First, suffering is not the point of Christianity. True, there is lots of suffering in following Jesus. There is much suffering through life and history. The readings this week testify to it. In the first reading, Isaiah speaks of one who suffers, “I gave my back to those who beat me, my cheeks to those who plucked my beard; my face I did not shield from buffets and spitting.” The Psalmist cries out, “The cords of death encompassed me; the snares of the netherworld seized upon me; I fell into distress and sorrow, and I called upon the name of the Lord, ‘O Lord, save my life!’” And Jesus states that he is heading to death, “the Son of Man must suffer greatly and be rejected by the elders, the chief priests, and the scribes, and be killed,” and then, after rebuking his disciples for not believing this, reminds them that they too must “follow him,” they too must suffer.
As Cone states though, there is “nothing redemptive about suffering in itself.” The “in itself” is key here. Suffering is not an end. It is not a good. It is not to be desired as a goal. Moreover, it should not be inflicted upon others, and any use of Jesus’ teaching to perpetuate or justify suffering – instead of relieving it – has gravely misunderstood the teaching. Suffering is not the point.
Second, the point is following Christ, and suffering often results from doing so. If one actively pursues what is good, true, and loving, one ends up suffering. One ends up facing the cross. As Cone notes, God’s presence “empowers poor people to resist” and is found in “solidarity with the oppressed.” Loving God means resisting evil, and resisting evil often brings about suffering.
After describing suffering that has been inflicted on a person, Isaiah describes this person’s response to those who would bring about such harm: “If anyone wishes to oppose me, let us appear together. Who disputes my right? Let that man confront me. See, the Lord God is my help; who will prove me wrong?” Likewise, the Psalmist can state that, in the face of suffering, one confidently can “walk before the Lord in the land of the living.”
Most clearly, the Epistle of James indicates that the point of Christianity is following Christ, carrying on the work of Jesus. The author chastises people for not acting, for resignation, for assuming that faith is passive. Instead, James insists that faith animates us. It moves us to act, “What good is it, my brothers and sisters, if someone says he has faith but does not have works? Can that faith save him? If a brother or sister has nothing to wear and has no food for the day, and one of you says to them, ‘Go in peace, keep warm, and eat well,’ but you do not give them the necessities of the body, what good is it? So also faith of itself, if it does not have works, is dead.” We must work, care for our brothers and sisters, seek solidarity with the oppressed. If we are true disciples of Christ, we must do these things. That is Christianity.
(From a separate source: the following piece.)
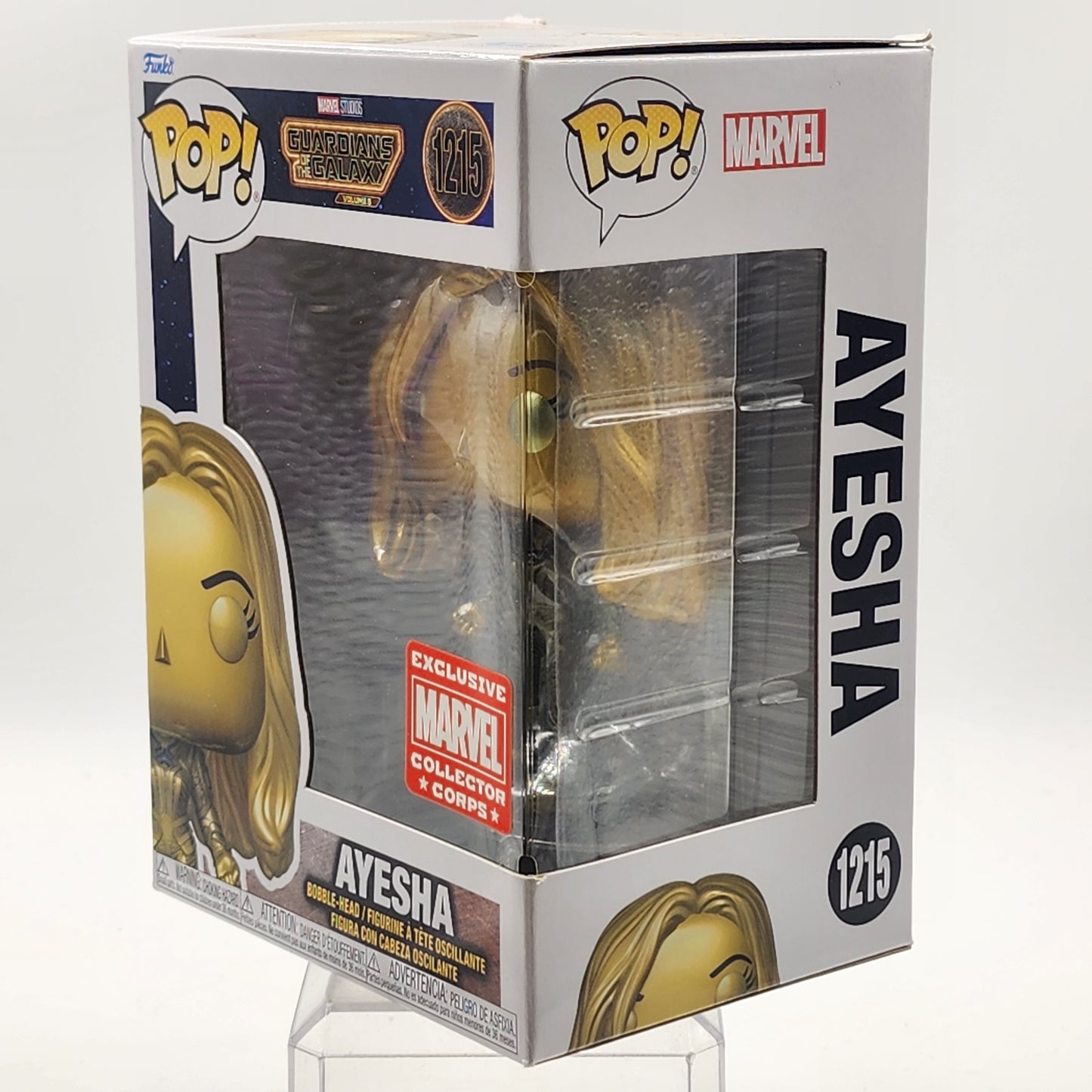 Funko Pop - Guardians o/t Galaxy Vol. 3: Ayesha (Collector Corps) #1215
Yet, if we do, suffering will find us.
Were the world different. Were the world a place where truth and doing what is right was rewarded. Were that saints not punished, those who speak up for what is good not shamed, and those who care for others not impoverished. In this broken world however, when we seek to be good and holy and loving, suffering comes to us.
This is, perhaps, where we struggle, where our hope wanes and our faith waivers. Even if we heed God’s call, respond to it with all our heart, mind, and soul, and work to love others, we encounter suffering, resistance, and defeat. Why try, why bother, with a faith that says, “If you don’t love, you’re dead, and, if you do, they’ll kill you”?
Why? This is the third point – because such suffering is not the ultimate end of creation. “God snatches victory out of defeat, life out of death, and hope out of despair”. It is this hope, this truth, that is woven into the fabric of the universe, that “prevents despair and empowers poor people to resist”.
Thus, if we follow Christ, we must show our faith in our works. When we do, we will suffer greatly, perhaps physically with beating or spitting or perhaps spirituality by our inability to stop evil. And, while it seems like there is no reason to hope or no reason to go on, we must. We must keep loving, even when it seems pointless, because we know that the end of the universe is love. God will be victorious, will triumph over death and the powers of evil, and will raise us up “after three days.” We must live according to this ultimate reality of the universe that “Whoever loses his life for [Jesus’] sake and that of the gospel will save it.”